17177.fb2
Держась за поручни, Петр тяжело спускался с крылечка, на ходу придумывая причину, чтоб уйти. Сказал, что не переносит вида покойника и пошел со двора. Оглянулся еще раз и другой, содрогаясь от мысли, что там продолжают орудовать плоскогубцами моложавый армянин, как оказалось потом, — родной брат Рафика из Краснодара, и вдова — Елена Прекрасная. Испытывая почти физическую боль, будто это ему выворачивают зубы, он наддавал шагу, вслух прогоняя дикую мысль, пришедшую некстати в голову: «А зачем добру пропадать?..» В поселке поговаривали, что злоумышленники шалят на кладбище: после похорон откапывают ночью покойника и вырывают у него золотые зубы, если этого не сделали родственники.
«До чего дошли людишки! До чего дошли! — возмущался он, перешагивая через рельсы. — Это же уму непостижимо — плоскогубцами! Еще не остывший труп!..»

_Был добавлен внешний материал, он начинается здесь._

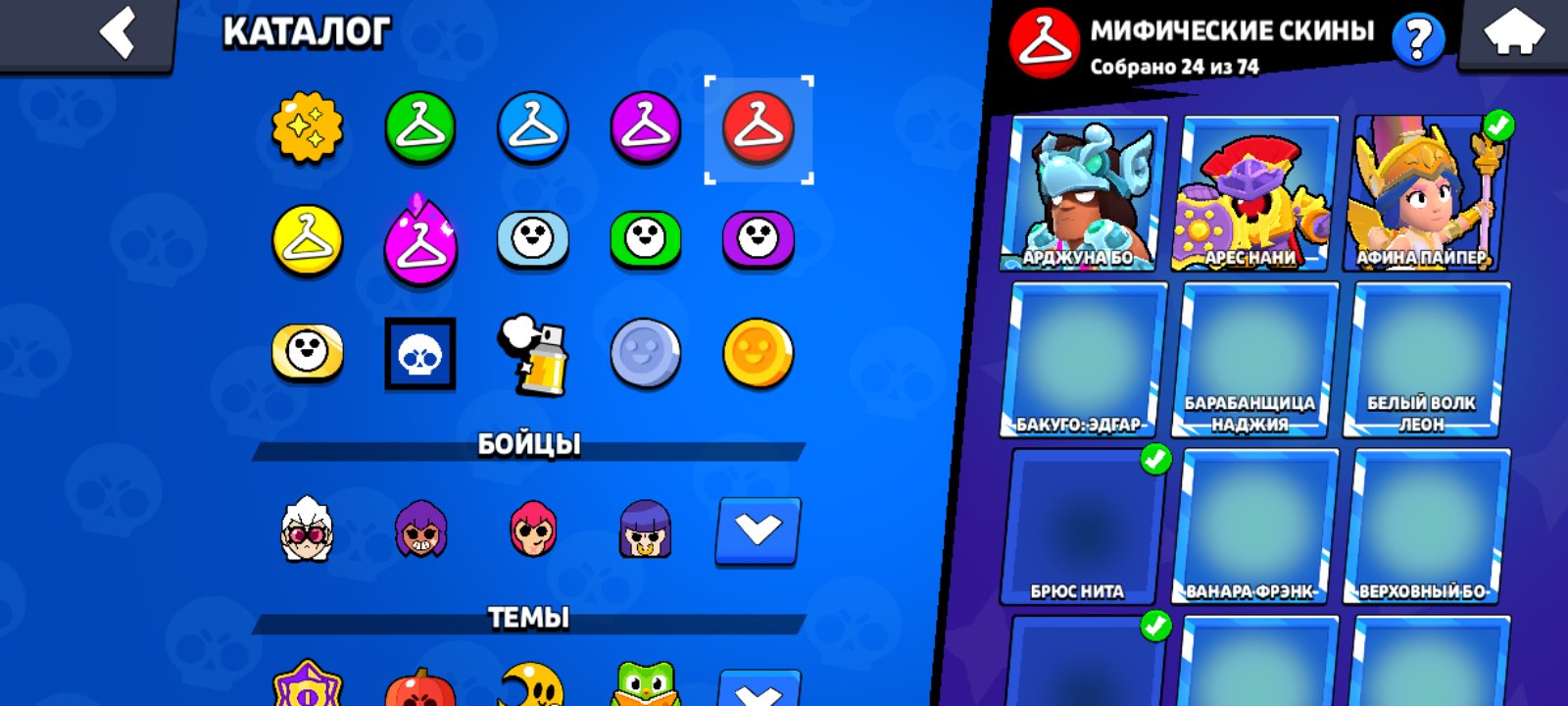 6 of 9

В это дежурство Карл Маркс был особенно «разговорчив». Еще днем Петр заметил, что в уголках его глаз струится лукавая усмешка. Значит, сегодня что‑нибудь отчебучит, подумалось. И в это время возникла негромкая перепалка между экономистом Кирой — крупной миловидной женщиной с крутыми объемистыми бедрами — и бухгалтершей Ксенией Карповной. Она тоже миловидная, но худощавая. С бледным лицом и наметившимися мешками под глазами. Она менее выразительна в бедрах, но примечательна в груди. Что‑то было в ее аккуратной небольшой, обтянутой розовой просвечивающейся кофточкой груди. Что‑то целомудренное, по — девчоночьи свежее и наивное. Будто ее не касалась еще грубая рука мужчины. Будто она не кормила грудью двух сынов. Из коих один уже учится в девятом классе.
Завелись они по пустяку. Ксения Карповна сказала кому‑то по телефону мягким, почти ласковым голосом: «Хорошо, хорошо! Как только он появится, я ему скажу… — А когда положила трубку, добавила грубо, с непонятной злостью: — Пош — шел ты!..»

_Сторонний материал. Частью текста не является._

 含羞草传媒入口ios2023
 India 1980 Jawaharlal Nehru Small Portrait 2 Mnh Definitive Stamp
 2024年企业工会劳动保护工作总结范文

— Кто там? — удивилась Кира тону коллеги.
— Не знаю. Какой — то…
— Ну разве можно так, Ксюша?
— А чего он?.. «Обязательно скажи! Обязательно скажи!..» Как будто ему здесь обязаны.
— Но все равно так нельзя.
— Можно.
— Нельзя злиться без причины. Характер портится.
— Уже испорчен.
— У человека, может, дело. Он надеется…
— Пусть надеется! Понадеется, понадеется и перестанет…

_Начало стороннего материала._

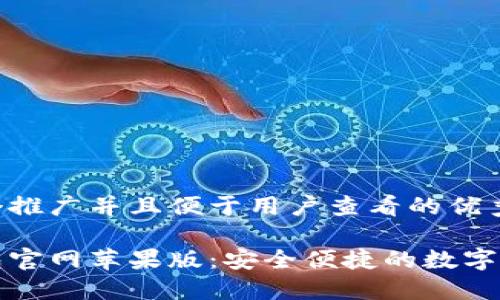 思考一个推广并且便于用户查看的优秀  

购宝钱包官网苹果版：安全便捷的数字钱包选择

«Странные они, эти конторские!» — подумал тогда Петр, слушая вполуха женскую негромкую перепалку и старательно переписывая под копирку показатели работы бригад за прошедший июнь месяц. От нечего делать он часто подключался, вернее его подключали помогать «марать бумагу». Сидя с ними в конторе целыми днями (днем на территории совсем нечего делать), он слушал их нехитрые разговоры, пересуды, всегда удивляясь женской способности говорить и в то же время строчить свои бесконечные ведомости, показатели, планы, отчеты.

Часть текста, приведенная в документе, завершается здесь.